Flant: How a Go Developer Turned Zed and Gemini into a Useful AI Agent
A Go developer from Flant showed why built-in AI plugins in IDEs often generate more noise than usefulness, and how to fix it. The working solution turned…
AI-processed from Habr AI; edited by Hamidun News
A Go developer from Flant described a practical journey familiar to many teams: from curiosity about AI plugins and disappointment in them to a working scheme where an agent actually lifts some routine work off the developer. The main point of the article is simple: by itself, an LLM hardly increases productivity if it has poor access to project context, a slow interface, and unsuitable tools for a particular language. First, the author went through a typical early adoption scenario.
In GoLand 2022, he tried an AI plugin with a built-in cloud model and got three modes from it: autocomplete, chat, and agent. Autosuggest slightly sped up work but often made mistakes due to limited context. Chat inside the IDE quickly turned into endless state synchronization: the model made assumptions, and the developer spent time clarifying.
Agent mode could write and refactor code, but too often required manual rework, so the cycle of "set task — check — rewrite" turned out to be longer than regular work without AI. The next stage was with corporate access to several models. The author rated GPT-4o's answer quality significantly higher than GigaChat, but this didn't solve the main problem.
When the company opened API key access, they tried popular plugins like Cline and Continue in the IDE. The result was weak again: the coupling of IDE, web interface logic, and external model slowed things down, and work remained heavy. Terminal agents were the turning point.
OpenCode was popular among colleagues, but the author chose Crush because of easier installation and the fact that the tool is written in Go. That's where he first got real benefit: the agent could analyze the project, read files, write code, and use LSP and MCP. However, the terminal agent wasn't the final point either.
For everyday work with a Git repository and codebase, the convenience of an editor was still lacking. So the author switched to Zed — a fast Rust-based editor with a built-in AI panel, its own agent, and support for external agents via ACP. In the article, he details how to connect Zed to a corporate LLM service via Open-WebUI and an OpenAI-compatible API, choose the Gemini 3 Flash model, and configure a write profile with the necessary tools: diagnostics, read_file, grep, list_directory, terminal, thinking, and web_search.

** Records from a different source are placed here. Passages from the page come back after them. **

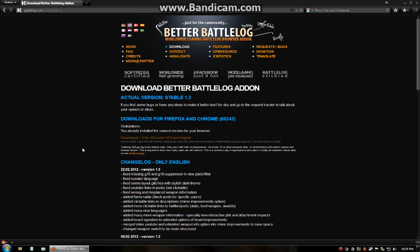Hey there guys, let's get right to it. This is going to be an updated video to my review of Better Battlelog, the add-on for Chrome and Mozilla Firefox users.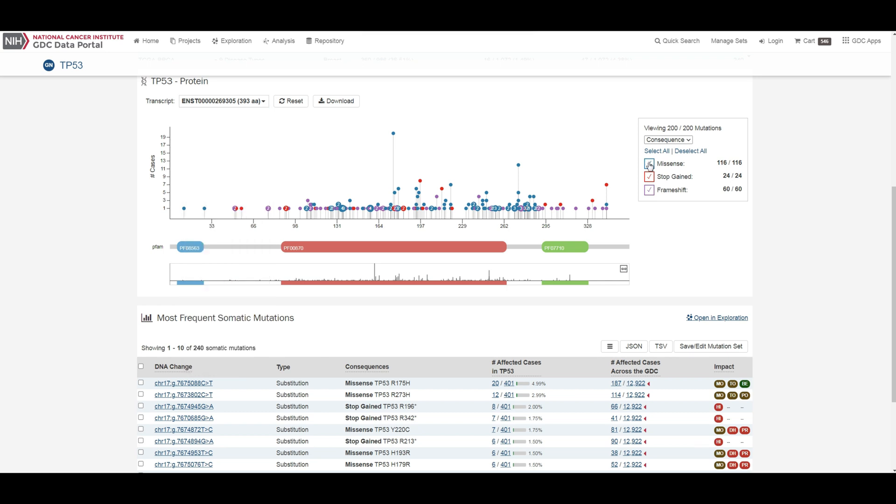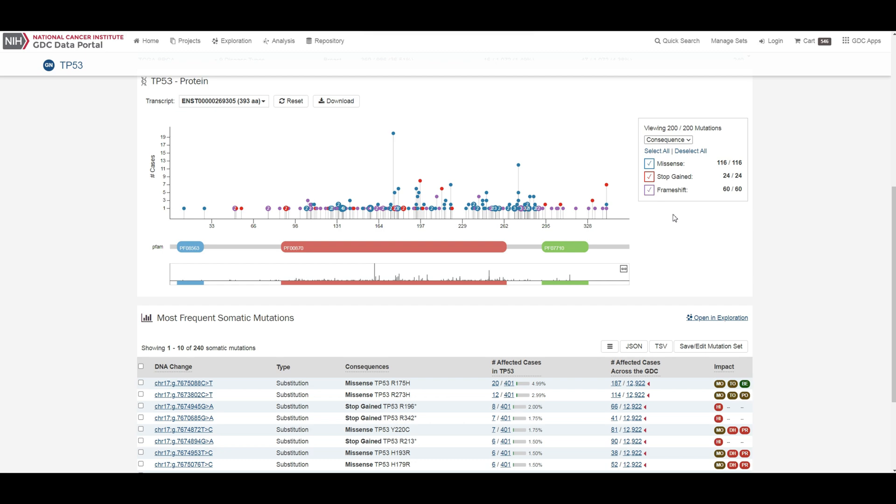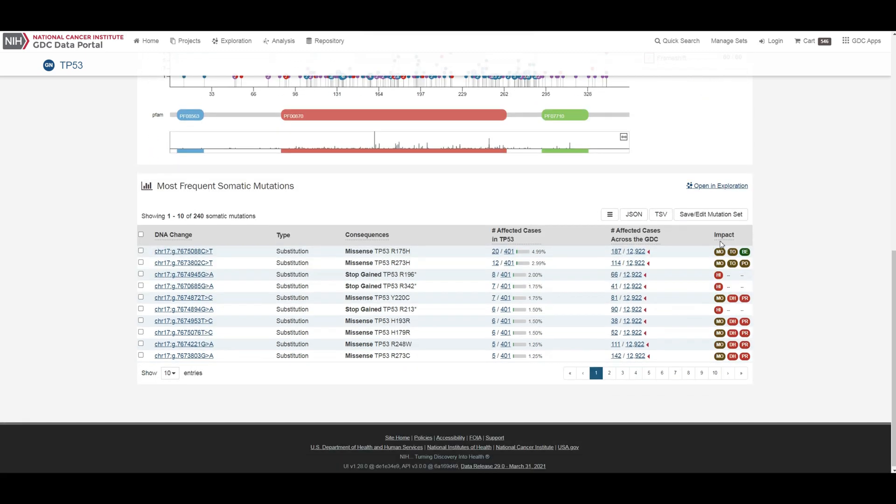The panel to the right of the plot allows the plot to be filtered by mutation consequences or impact. The plot will dynamically change as filters are applied. Mutation consequence and impact is denoted in the plot by color.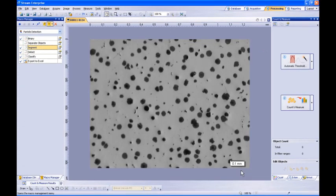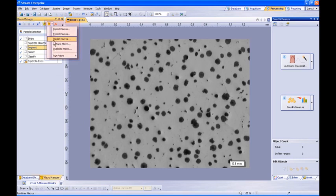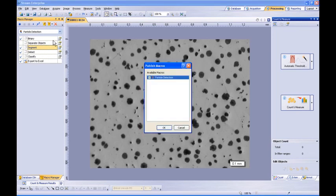However, the author can choose to publish their macro so that other users logged onto the same computer can access that macro. Click on the Macro Management drop-down menu, then select Publish Macros. Now, check the box for the particular macro or macros that you wish to publish, then click the OK button.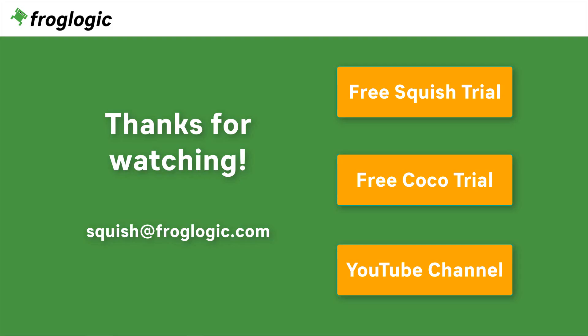If you have further questions, get in touch with us by writing an email to squish@froglogic.com. You can check out Squish on your own by requesting a free trial. You might also be interested in our second product Coco, which is a multi-language code coverage tool. Don't forget to check out our YouTube channel for more videos. Bye bye!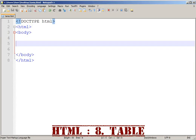Hello. Welcome back. I'm going to show you how an HTML page is created. So let's go.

A practical detail is emphasized separately: the API key is not stored in the config file and is entered manually through the editor's interface. The most important technical part concerns Go language and context quality. The author demonstrates with a simple example that the built-in grep finds only text matches and easily leads the model to incorrect assumptions if the query is formulated vaguely.

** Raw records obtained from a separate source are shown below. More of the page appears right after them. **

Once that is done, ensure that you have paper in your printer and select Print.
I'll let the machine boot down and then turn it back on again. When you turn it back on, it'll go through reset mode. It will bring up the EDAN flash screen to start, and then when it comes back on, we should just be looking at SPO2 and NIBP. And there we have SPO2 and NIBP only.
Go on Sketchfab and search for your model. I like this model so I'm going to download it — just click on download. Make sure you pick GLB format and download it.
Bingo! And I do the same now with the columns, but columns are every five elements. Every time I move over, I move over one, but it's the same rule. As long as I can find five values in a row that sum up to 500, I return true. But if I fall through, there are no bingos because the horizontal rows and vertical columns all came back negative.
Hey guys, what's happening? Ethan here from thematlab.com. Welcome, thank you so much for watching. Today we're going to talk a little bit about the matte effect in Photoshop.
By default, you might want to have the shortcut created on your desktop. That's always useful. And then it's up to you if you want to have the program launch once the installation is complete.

To make the agent work closer to code semantics, he connects gopls in experimental MCP mode. Since regular LSP in Zed is currently oriented toward humans rather than agents, he has to run a separate gopls-mcp with its own environment variables and increased timeout. But after that, the agent gets a different class of tools: workspace overview, package APIs, symbol search, symbol references, safe renaming, diagnostics, and even dependency checks against known vulnerabilities.
The article provides a useful checklist for choosing a stack for AI coding. First, you need to select an LLM that can work in agent mode and normally solves programming tasks; for a rough assessment, the author recommends looking at the balance of quality, price, speed, and context window size. Then — choose the agent itself: compatibility with the required model matters, a sensible set of built-in tools, MCP support, and if necessary, multi-agent capability.
And only after that does it make sense to work on prompts. Among techniques that the author considers really workable are role prompting, explicit context provision, step-by-step planning, step-back prompting, and using examples from existing code or tests. The main conclusion of the article is that developer productivity grows not from the presence of "some AI" in the editor, but from precise assembly of the entire circuit: a fast environment, an appropriate model, language tools, and discipline in task formulation.
When an agent sees the project not through blind string search but through LSP and MCP, and when it's been given the right roles, profiles, and context beforehand, it stops being a noisy assistant and starts saving real time on code, navigation, and checks.